*DATA TO EXAMINE:*
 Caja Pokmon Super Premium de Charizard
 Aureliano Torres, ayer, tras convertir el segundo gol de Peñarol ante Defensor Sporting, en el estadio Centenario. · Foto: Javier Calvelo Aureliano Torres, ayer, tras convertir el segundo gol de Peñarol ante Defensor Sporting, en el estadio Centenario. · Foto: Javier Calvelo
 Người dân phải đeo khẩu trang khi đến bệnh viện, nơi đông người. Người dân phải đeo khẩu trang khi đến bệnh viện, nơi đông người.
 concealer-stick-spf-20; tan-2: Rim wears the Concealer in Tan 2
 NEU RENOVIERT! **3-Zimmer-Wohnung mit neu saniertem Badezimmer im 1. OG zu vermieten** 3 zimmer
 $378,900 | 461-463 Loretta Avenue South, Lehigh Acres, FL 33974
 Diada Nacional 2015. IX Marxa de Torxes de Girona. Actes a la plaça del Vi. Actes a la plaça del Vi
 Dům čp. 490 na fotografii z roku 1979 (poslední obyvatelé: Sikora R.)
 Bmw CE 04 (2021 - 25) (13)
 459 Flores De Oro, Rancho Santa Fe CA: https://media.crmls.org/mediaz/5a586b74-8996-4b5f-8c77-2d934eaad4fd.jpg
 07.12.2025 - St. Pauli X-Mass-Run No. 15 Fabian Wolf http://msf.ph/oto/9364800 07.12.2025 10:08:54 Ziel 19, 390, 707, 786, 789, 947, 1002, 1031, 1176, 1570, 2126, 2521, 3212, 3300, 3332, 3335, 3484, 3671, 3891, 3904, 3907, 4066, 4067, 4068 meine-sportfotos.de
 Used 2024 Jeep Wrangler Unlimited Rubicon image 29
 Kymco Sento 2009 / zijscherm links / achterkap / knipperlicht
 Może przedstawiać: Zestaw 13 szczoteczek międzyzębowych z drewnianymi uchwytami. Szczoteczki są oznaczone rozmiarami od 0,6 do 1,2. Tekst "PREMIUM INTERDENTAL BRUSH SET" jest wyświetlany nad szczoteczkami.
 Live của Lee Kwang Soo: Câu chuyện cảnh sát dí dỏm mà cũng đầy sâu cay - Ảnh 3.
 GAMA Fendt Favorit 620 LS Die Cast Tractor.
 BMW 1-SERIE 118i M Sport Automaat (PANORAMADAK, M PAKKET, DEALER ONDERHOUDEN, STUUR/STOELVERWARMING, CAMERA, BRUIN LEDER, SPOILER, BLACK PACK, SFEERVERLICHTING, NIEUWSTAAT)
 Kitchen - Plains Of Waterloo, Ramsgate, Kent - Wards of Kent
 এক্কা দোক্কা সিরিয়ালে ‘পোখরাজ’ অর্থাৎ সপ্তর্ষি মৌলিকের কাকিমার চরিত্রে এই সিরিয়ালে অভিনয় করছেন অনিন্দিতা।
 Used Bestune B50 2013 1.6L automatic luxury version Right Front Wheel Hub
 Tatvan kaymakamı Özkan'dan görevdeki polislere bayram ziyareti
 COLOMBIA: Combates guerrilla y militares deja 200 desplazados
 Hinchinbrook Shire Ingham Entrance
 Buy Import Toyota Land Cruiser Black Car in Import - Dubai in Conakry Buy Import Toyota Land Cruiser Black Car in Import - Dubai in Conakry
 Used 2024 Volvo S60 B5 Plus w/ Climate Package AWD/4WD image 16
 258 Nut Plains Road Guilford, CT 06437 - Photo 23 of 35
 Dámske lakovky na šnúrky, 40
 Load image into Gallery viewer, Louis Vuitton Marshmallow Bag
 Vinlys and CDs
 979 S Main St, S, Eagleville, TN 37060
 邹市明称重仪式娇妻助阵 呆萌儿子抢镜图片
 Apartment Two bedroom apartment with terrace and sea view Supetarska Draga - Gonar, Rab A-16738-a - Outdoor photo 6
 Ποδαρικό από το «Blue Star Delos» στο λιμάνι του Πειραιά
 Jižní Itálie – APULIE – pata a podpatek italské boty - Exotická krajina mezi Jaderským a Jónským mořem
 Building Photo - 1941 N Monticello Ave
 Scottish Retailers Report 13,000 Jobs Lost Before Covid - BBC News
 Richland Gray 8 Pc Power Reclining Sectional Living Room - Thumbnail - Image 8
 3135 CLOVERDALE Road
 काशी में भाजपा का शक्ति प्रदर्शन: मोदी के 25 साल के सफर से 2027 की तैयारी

*WORK TASK:*
For the listing above, print only the lines starting at the line containing "Acres, FL 33974" and ending at the line containing "Bmw CE 04 (2021 - 25) (13)", exactly, both included.

*SOLUTION FOR THIS TASK:*
 $378,900 | 461-463 Loretta Avenue South, Lehigh Acres, FL 33974
 Diada Nacional 2015. IX Marxa de Torxes de Girona. Actes a la plaça del Vi. Actes a la plaça del Vi
 Dům čp. 490 na fotografii z roku 1979 (poslední obyvatelé: Sikora R.)
 Bmw CE 04 (2021 - 25) (13)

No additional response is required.